De cumulatie van administratieve en strafrechtelijke sancties is niet ongebruikelijk binnen de rechtsorden van de diverse lidstaten. Vooral op het gebied van belastingen is een dubbel sanctiearsenaal zeer gebruikelijk. Of en de wijze waarop cumulatie van administratieve en strafrechtelijke sancties kan plaatsvinden vertoont grote verschillen per lidstaat, evenals mogelijke regelingen om een dubbele sanctie te mitigeren. Waar in Nederland een keuze gemaakt dient te worden tussen de administratieve route en de strafrechtelijke route (zie art. 5:44 Awb en art. 243 WvSv), kent de Zweedse belastingwet een bepaling waarin een beoordeling plaatsvindt of het nog redelijk is de administratieve boete volledig te innen wanneer sprake is van een strafrechtelijke sanctie.
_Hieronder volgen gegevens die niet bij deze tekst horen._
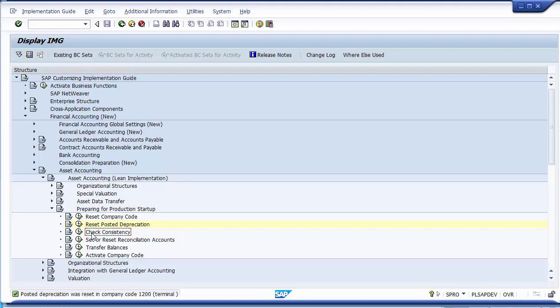Moving on to the next step: Check Consistency. Under this step, to check the consistency of system settings, we execute this report after all the customizations from the previous sessions have been configured. You can perform the check individually for items such as asset classes, chart of depreciation, company code, or depreciation areas. If there is any inconsistency or something missed, the system will show error messages on the screen.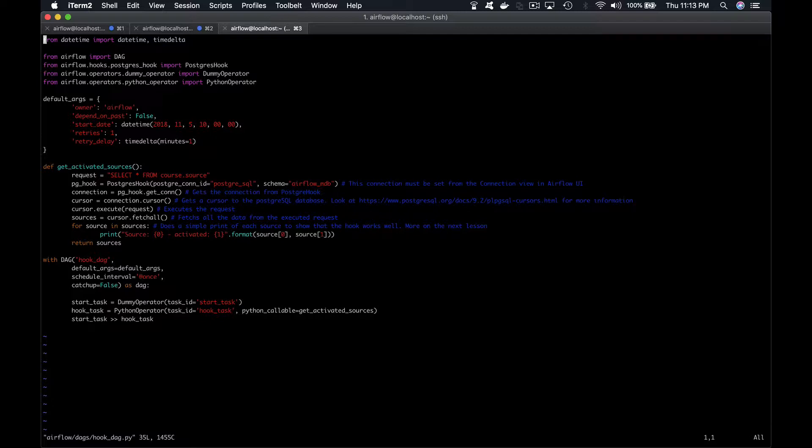Next, we have the default arguments with the owner, start date, number of retries when a task fails, and so on.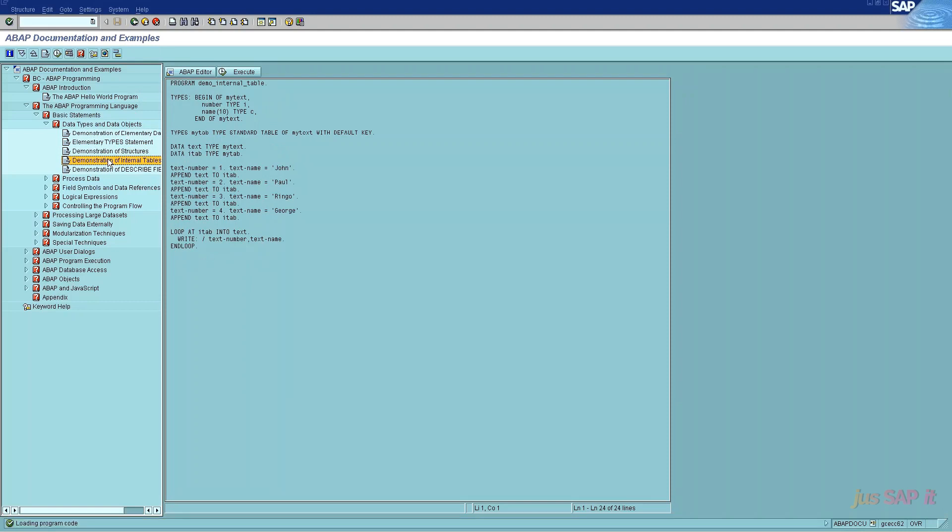The fourth point is demonstration of internal table. Internal tables provide a means of taking data from a fixed structure and storing it in working memory in ABAP. Internal tables are used to obtain data from a fixed structure for dynamic use in ABAP.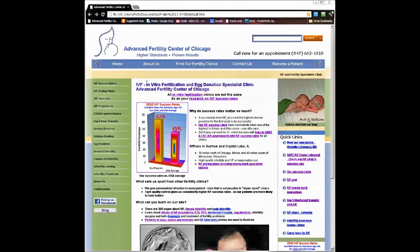I'm going to show you how to research and compare IVF success rates using the SART website. You could go directly to SART at www.sart.org, but I'm going to show you how to get there easily from our site, advancedfertility.com.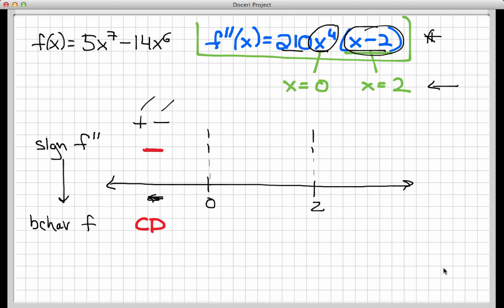On the second interval between 0 and 2: 210 is positive, x to the 4th is positive, and x minus 2 is negative — for example, if x equals 1, then x minus 2 is negative. So f double prime is still negative, and f is concave down on this interval as well. Finally, on the last interval from 2 to infinity: x to the 4th is positive, and x minus 2 is also positive — for example, x equals 10 gives 10 minus 2 equals 8, which is positive. So f double prime is positive, and f is concave up.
In het licht van de bovenstaande praktijk hebben dan ook niet alle lidstaten art. 4 van het Zevende Protocol bekrachtigd en weer andere lidstaten hebben voorbehouden gemaakt. Tussen de lidstaten bestaat dus geen consensus over hoe om te gaan met de cumulatie van administratieve en strafrechtelijke sancties. Terecht schrijft Advocaat-Generaal Cruz Villalón in zijn conclusie dat deze constellatie, in het licht van de opdracht van art. 52 lid 3 Handvest om dat Handvest uit te leggen in het licht van het EVRM, de nodige (interpretatieve) problemen met zich meebrengt.[2] In de woorden van de Advocaat-Generaal: “de onderhavige zaak doet een niet eerder behandelde vraag rijzen die bepalend is voor zowel de draagwijdte van het gebod van artikel 52  lid 3 van het Handvest als de verklaring van de EVRM-rechten tot algemene beginselen van het Unierecht”.[3]

De Advocaat-Generaal Cruz Villalón pleit in het licht van het bovenstaande voor een autonome uitleg van art. 50 van het Handvest. Het Hof van Justitie lijkt het standpunt van de Advocaat-Generaal te volgen. Het Hof van Justitie bepaalt in de zaak van de heer Fransson dat art. 50 van het Handvest niet in de weg staat aan om voor dezelfde feiten een combinatie van administratieve en strafrechtelijke sancties op te leggen. Had het Hof aansluiting gezocht bij het EVRM dan had het acht moeten slaan op jurisprudentie waarin duidelijk naar voren komt dat de Zweedse fiscale sancties worden gekwalificeerd als een ‘criminal charge’. In dit verband kan gewezen worden op het arrest Västberga Taxi Actiebolag en Vulic tegen Zweden van het Europees Hof voor de Rechten van de Mens (hierna: EHRM).[4] Op grond van deze jurisprudentie van het EHRM had het Hof van Justitie tot de conclusie moeten komen dat sprake was van strijd met het ne bis in idem beginsel.

Het EVRM biedt, in het licht van het arrest Akerberg Fransson, een veel ruimere bescherming waar het gaat om dubbele vervolging en de rechten van een verdachte van een ‘criminal charge’ dan het Handvest. In het kader van de rechtsbescherming op dit punt loont het voor de dubbel gestrafte belastingplichtige dus eerder de moeite om zijn zaak voor te leggen aan het EHRM dan een beroep in te stellen bij Hof van Justitie.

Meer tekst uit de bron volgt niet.